» **Required action**:
Take the data below and extract the lines from the one with "By Together Eliora Pullover" to the one with "Armband - Strass-einreihig - Fox by Ren", inclusive, exactly as written.

*** Opening of Source information ***

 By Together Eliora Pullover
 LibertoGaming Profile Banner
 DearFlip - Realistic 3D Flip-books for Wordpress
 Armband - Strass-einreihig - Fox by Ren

*** Close of Source information ***
*** Opening of Source information ***

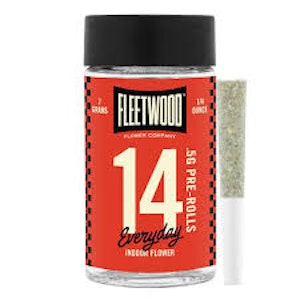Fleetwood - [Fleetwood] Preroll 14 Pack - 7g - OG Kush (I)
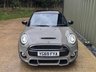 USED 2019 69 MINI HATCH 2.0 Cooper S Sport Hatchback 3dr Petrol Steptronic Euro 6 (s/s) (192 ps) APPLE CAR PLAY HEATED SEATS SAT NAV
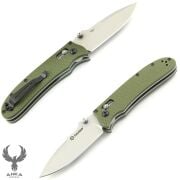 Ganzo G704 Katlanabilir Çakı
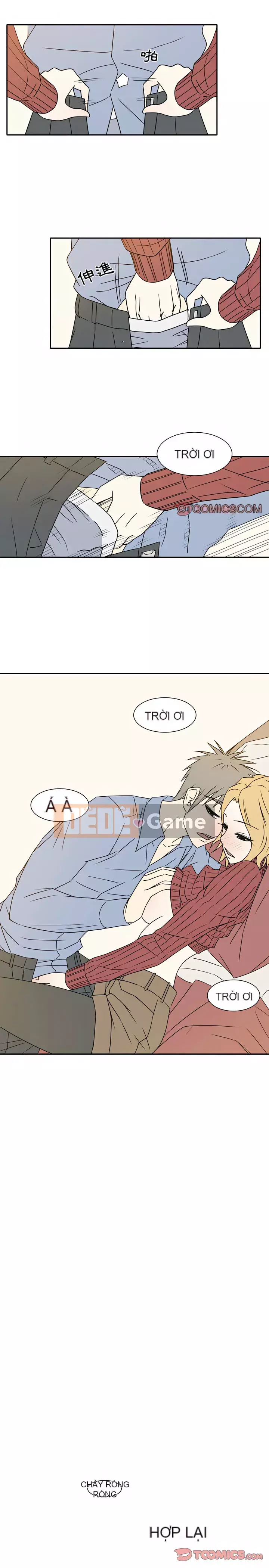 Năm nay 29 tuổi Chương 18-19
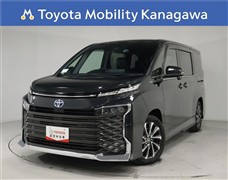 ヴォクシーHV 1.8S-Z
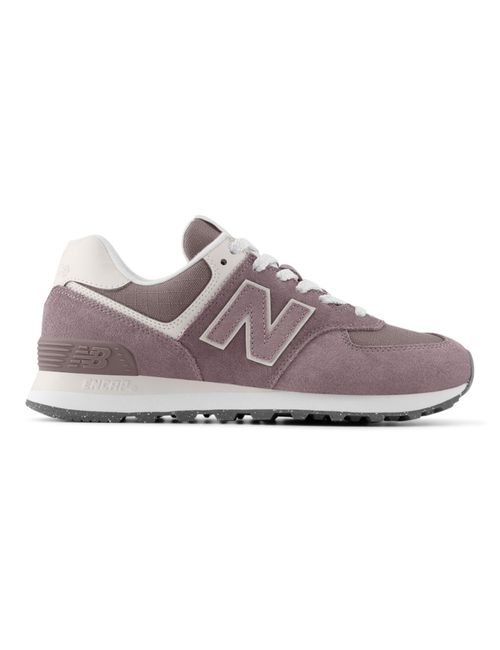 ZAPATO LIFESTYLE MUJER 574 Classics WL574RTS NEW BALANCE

*** Close of Source information ***
*** Opening of Source information ***

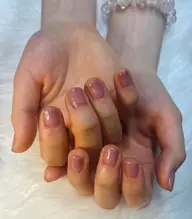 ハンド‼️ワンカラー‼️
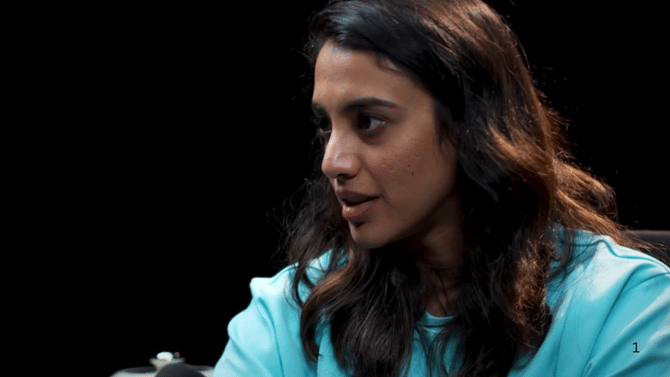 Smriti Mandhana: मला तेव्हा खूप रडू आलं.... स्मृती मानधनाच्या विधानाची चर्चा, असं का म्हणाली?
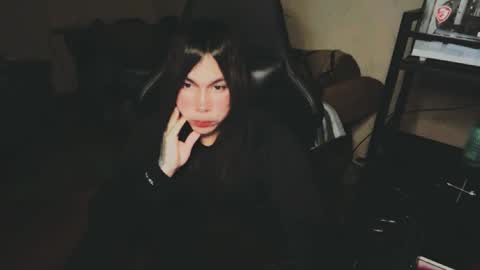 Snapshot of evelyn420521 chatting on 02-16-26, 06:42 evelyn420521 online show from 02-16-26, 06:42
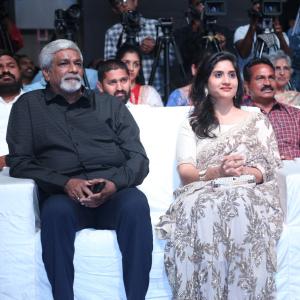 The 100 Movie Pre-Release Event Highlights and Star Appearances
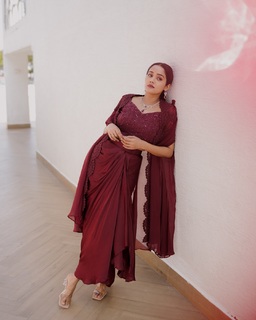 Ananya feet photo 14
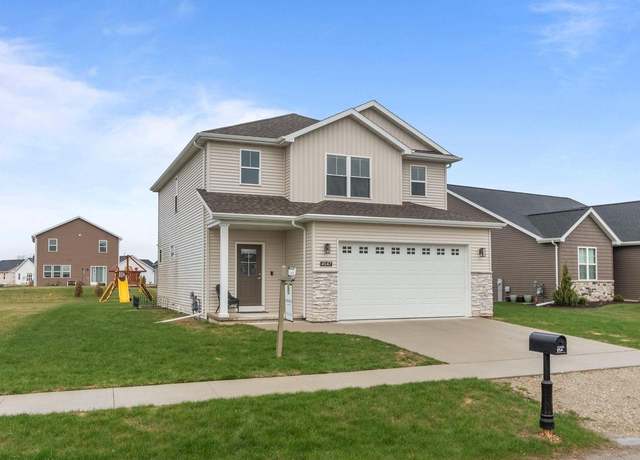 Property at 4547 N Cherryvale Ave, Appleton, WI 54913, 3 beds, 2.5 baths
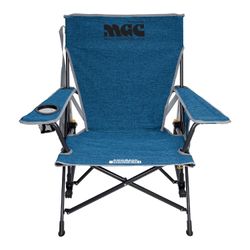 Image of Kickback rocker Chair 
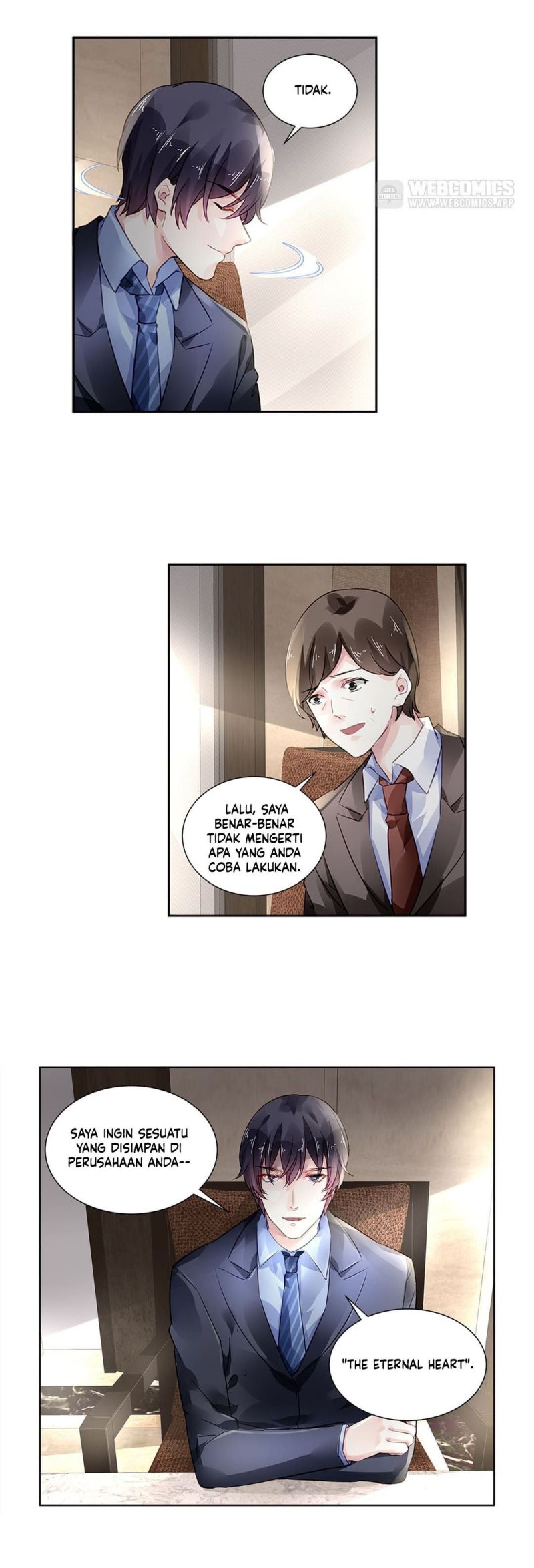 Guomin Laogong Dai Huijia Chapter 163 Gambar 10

*** Close of Source information ***

» **Written solution**:
 By Together Eliora Pullover
 LibertoGaming Profile Banner
 DearFlip - Realistic 3D Flip-books for Wordpress
 Armband - Strass-einreihig - Fox by Ren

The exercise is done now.